Blog: Does technology deserve a sporting chance?
Leonie Barrie | 26 March 2008
Speedo’s slick new swimsuits are causing a bit of a splash in the swimming fraternity – and not just because of their revolutionary design. The LZR Racer, launched last month, has been deemed the “world's fastest” suit, but it now seems its ability to break world records is causing concern at the sport's governing body.
FINA (the Fédération Internationale de Natation) approved the $550 suit, which is made from a new, ultra-lightweight fabric and is ultrasonically welded together with panels to compress the swimmer's body into a more streamlined shape.
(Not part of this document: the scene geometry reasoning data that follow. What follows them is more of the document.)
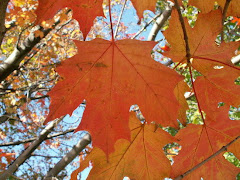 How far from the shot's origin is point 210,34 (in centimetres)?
74

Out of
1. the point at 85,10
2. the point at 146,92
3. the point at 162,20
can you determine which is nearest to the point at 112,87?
the point at 146,92

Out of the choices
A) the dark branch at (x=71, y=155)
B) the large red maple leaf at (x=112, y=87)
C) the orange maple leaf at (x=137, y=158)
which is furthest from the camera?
the dark branch at (x=71, y=155)

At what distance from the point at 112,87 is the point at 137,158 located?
267mm

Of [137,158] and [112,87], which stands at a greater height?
[112,87]

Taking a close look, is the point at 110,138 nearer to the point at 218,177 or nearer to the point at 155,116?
the point at 155,116

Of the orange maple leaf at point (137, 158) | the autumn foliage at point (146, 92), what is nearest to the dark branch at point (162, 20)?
the autumn foliage at point (146, 92)

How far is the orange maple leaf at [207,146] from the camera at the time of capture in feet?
2.72

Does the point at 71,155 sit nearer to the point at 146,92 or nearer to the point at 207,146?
the point at 207,146

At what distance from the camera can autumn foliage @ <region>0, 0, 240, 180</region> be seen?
25.2 inches

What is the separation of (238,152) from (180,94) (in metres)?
0.33

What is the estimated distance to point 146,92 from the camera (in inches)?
26.2

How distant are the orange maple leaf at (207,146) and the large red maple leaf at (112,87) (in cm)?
24

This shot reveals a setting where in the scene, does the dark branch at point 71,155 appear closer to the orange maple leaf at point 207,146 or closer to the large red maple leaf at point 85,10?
the orange maple leaf at point 207,146

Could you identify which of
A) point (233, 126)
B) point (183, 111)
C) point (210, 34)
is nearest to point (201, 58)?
point (210, 34) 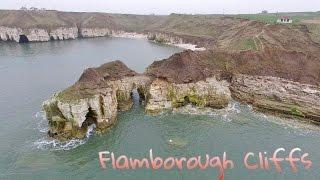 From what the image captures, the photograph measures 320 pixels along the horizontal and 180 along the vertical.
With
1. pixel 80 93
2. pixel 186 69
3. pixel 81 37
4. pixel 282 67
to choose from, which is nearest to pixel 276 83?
pixel 282 67

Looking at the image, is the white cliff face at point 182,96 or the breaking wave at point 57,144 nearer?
the breaking wave at point 57,144

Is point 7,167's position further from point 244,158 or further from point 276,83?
point 276,83

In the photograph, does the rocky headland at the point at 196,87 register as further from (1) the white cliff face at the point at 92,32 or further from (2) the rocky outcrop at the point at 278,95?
(1) the white cliff face at the point at 92,32

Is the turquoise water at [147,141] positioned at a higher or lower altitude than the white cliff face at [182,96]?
lower

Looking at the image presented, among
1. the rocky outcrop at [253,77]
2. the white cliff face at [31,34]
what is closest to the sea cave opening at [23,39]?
the white cliff face at [31,34]

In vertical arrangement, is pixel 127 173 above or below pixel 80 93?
below

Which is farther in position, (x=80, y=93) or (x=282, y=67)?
(x=282, y=67)

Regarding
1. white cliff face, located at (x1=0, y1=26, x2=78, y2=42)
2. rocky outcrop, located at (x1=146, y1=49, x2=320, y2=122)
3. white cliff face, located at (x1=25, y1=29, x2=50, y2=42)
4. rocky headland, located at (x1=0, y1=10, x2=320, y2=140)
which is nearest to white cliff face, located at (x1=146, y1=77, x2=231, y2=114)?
rocky headland, located at (x1=0, y1=10, x2=320, y2=140) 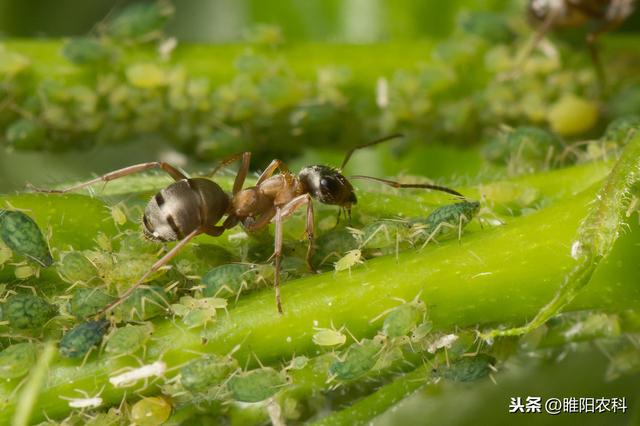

But it now wants to discuss the thickness of the material used and its potential buoyancy issues after 12 world records were broken since mid-February.
The increasing use of suits like this has opened the debate on the uptake of technology in sporting competitions.
Ahead of the Olympic Games in Beijing this summer, it won’t just be Speedo that launches a new swimsuit – all the major manufacturers will. And similarly groundbreaking products that make runners, cyclists and speed skaters faster through advanced materials and aerodynamic considerations are sure to be unveiled too.
The Olympic Games is obviously a natural platform to showcase the latest developments in hi-tech sportswear, but the question now seems to be how far can technological advances be made without actually giving athletes ‘unfair’ advantages?
After all, if contestants can’t compete on a level playing field, then the whole ethos of sporting events like the Olympics is undermined, and making it onto the winner’s podium depends not so much on the ability of the individual athlete, but more on whether or not he or she can get hold of the best piece of kit.
Of course there has always been a progression in materials and equipment – it’s not that long ago that Lycra was seen as revolutionary. And with a split-second now making the difference between a Gold medal and no medal, perhaps it’s not surprising the race to be first shows no sign of slowing down.